Men's Outdoor Track & Field By Rob Cunningham

Tate To Coach For U.S. At World Indoor Championships

Men's Outdoor Track & Field By Rob Cunningham

Tate To Coach For U.S. At World Indoor Championships

Norm Tate
GLASSBORO, NJ – Norm Tate is in his fourth year as an assistant coach for the Rowan University men’s and women’s track & field teams. However, he will temporarily leave the team this spring for a higher calling. Tate has been selected to coach the male jumpers for the United States at the 2012 International Association of Athletics Federations (IAAF) World Indoor Championships in Istanbul, Turkey. The championships will be held March 9-11.

Tate has a long record of coaching experience. In 2010, he coached Team USA at the Five Nations Match in Glasgow, Scotland. He was the personal coach for Jack Pierce, who won the bronze medal in the 110-meter hurdles at the 1992 Summer Olympics in Barcelona, Spain. Tate has also been an assistant coach at Manhattan College and a head coach at Hempstead High School in New York.

“With that exposure, it’s helped me be recognized on the national and international level as a coach,” said Tate. “That’s part of the process. The other part of the process is at the U.S. Track & Field convention held every year. Coaches’ names are put into a pot and the committee votes on the selections and that’s how I was chosen.”

Tate has remained involved with USA Track & Field throughout the years, another reason for his selection. His relationship with the organization began as an athlete, when he competed for the United States in the 1968 Summer Olympics in Mexico City. Tate finished 17th in the triple jump. That experience, Tate says, helps him to coach some of the best athletes in the world.

“As an athlete, I know what it takes,” said Tate. “The sacrifices you have to make and the commitment you have to make in order to be a successful athlete on the international level. It’s allowed me to be able to communicate with these athletes, because I’ve been there and had that exposure.”

Even with the tremendous honor of coaching at the World Championships, Tate has a bigger goal in mind.

“This is the equivalent, almost, of being selected as one of the Olympic coaches,” stated Tate. “They have already made the selections for this summer in London, but 2016 is the next one. If I’m still around in 2016, hopefully I’ll get lucky and be selected as one of the coaches for the Olympic team. That’s my ultimate goal.”
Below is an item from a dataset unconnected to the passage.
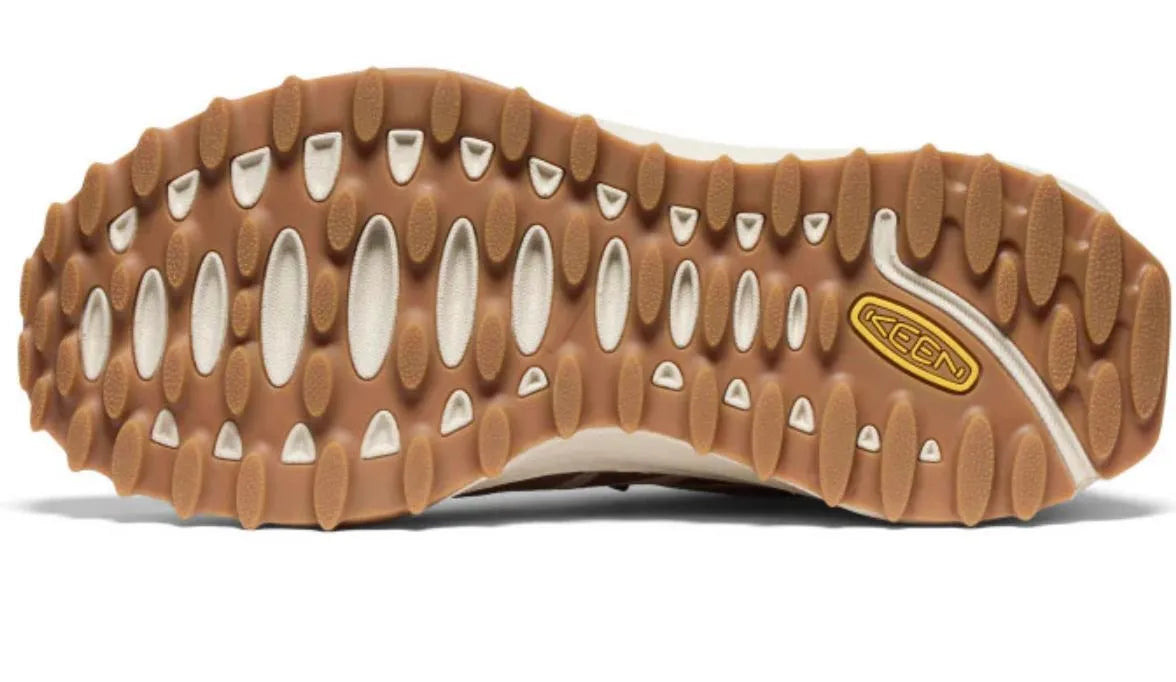 Damesschoenen Keen WMNS Sionic WP Warm Taupe/Raw Umber Bruin 37.5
Tate joins a coaching staff that includes head coach Ed Gorman, sprints/hurdles coach Orin Richburg from New Mexico State University, distance coach Dave Shrock, alternate John Weaver from Appalachian State University, head manager Alan Kolling and event manager Dexter McCloud. Richburg was the head relay coach at the 2008 Summer Olympics in Beijing, China and guided the United States to two gold medals in the men’s and women’s 4x400-meter relays.